### Data segment
..........

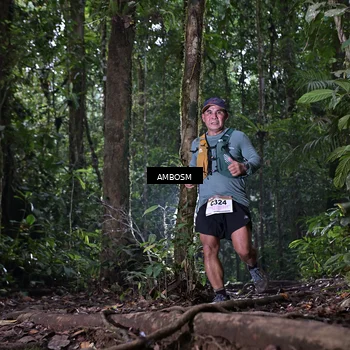 Runner Photo 7411465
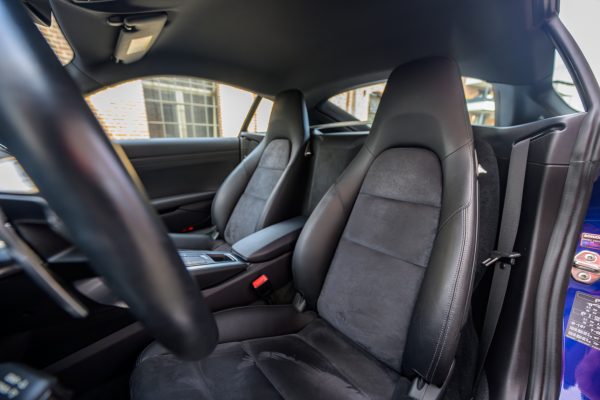 Cayman_enzianblau_00016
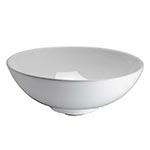 Diana vessel sink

..........

### Directions
In your copy, the listing above should appear word for word, with no images.

### Result of this exercise
 Runner Photo 7411465
 Cayman_enzianblau_00016
 Diana vessel sink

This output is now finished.